T1D develops when autoimmune antibodies destroy pancreatic beta-cells that are responsible for the production of insulin. Insulin regulates blood glucose levels, and in the absence of it high levels of blood glucose slowly damage the kidneys, eyes and peripheral nerves. Because the body loses the ability to produce insulin over time, the current mainstay of treatment for T1D is to inject insulin. An exciting research endeavor over the past decade has been to find ways to replace lost beta-cells by means of cell therapy.

“Cell therapy is an exciting, but challenging, approach to treat type I diabetes mellitus,” says lead author of the study Professor Shoji Takeuchi. “The challenge arises from the difficulty to make large amounts of human beta-cells in a dish, and more importantly, to achieve safe and effective transplantation. In this study, we wanted to develop a novel construct that enables successful transplantation of beta-cells in the long-term.”

To achieve their goal, the researchers developed a lotus-root-shaped cell-encapsulated construct (LENCON) and packaged it with human iPSC-derived pancreatic beta-cells, which are a limitless cell source and allow for the production of any number of beta-cells. The necessity for such an encapsulation technique arises from the fact that immune cells of the recipient could destroy the newly transplanted cells. To prevent this from happening, the researchers constructed the LENCON graft with millimeter thickness. The millimeter-thick graft diameters have previously been shown to mitigate the body’s immune response to a foreign body. At millimeter thickness, oxygen and nutrients could not be supplied to the center of the cells, but by using a lotus root shape, the cells were placed only near the edge of the graft where oxygen and nutrients can diffuse sufficiently, creating an environment in which the cells could survive, even in the millimeter-thick graft.

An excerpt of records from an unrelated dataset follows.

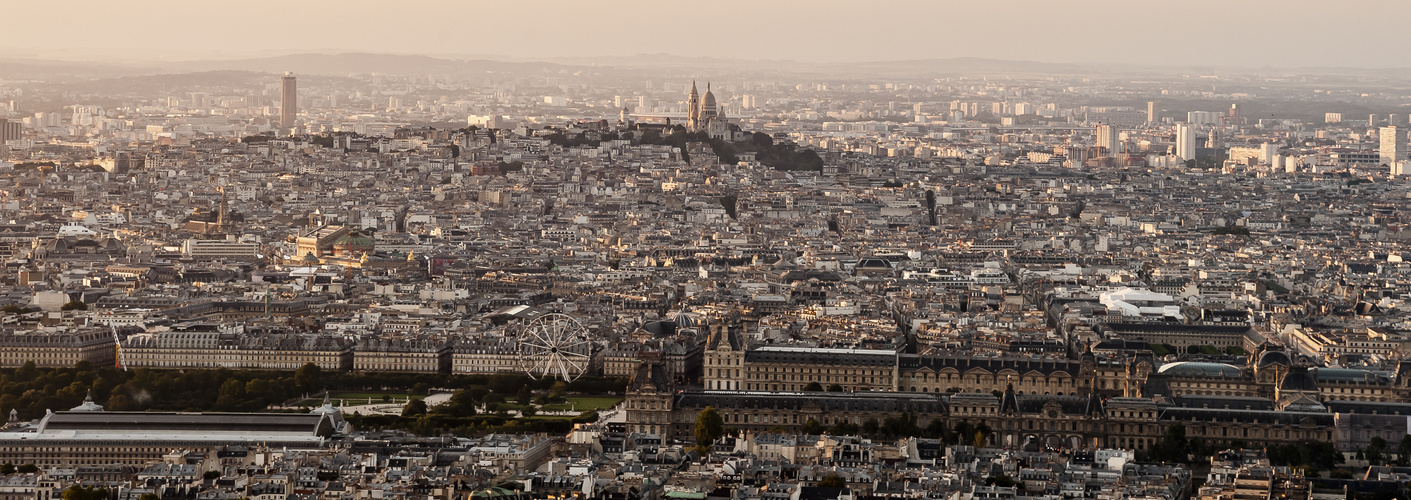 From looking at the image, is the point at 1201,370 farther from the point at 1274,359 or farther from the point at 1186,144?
the point at 1186,144

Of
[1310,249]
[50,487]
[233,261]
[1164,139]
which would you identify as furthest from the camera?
[1164,139]

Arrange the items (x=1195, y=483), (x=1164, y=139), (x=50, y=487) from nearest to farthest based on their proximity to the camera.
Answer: (x=50, y=487)
(x=1195, y=483)
(x=1164, y=139)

Having designed the LENCON, the question was if it would effectively control blood glucose levels in the long-term without provoking an immune response. To address this question, the researchers transplanted the construct in immunodeficient and immunocompetent diabetic mice. The former helped investigate the efficacy of the graft on controlling blood glucose levels in the absence of an immune response, while the latter approach tackled both goals. The researchers found that LENCON was able to maintain normal blood glucose levels for more than 180 days in the former mice, and was able to be removed without adhesion after more than one year of transplantation in the latter mice.

“These are striking results that show how LENCON can successfully and safely be used in the setting of type I diabetes mellitus. Our results suggest that LENCON could offer a novel option for cell therapy for type I diabetes mellitus,” says the first author of the study Dr. Fumisato Ozawa.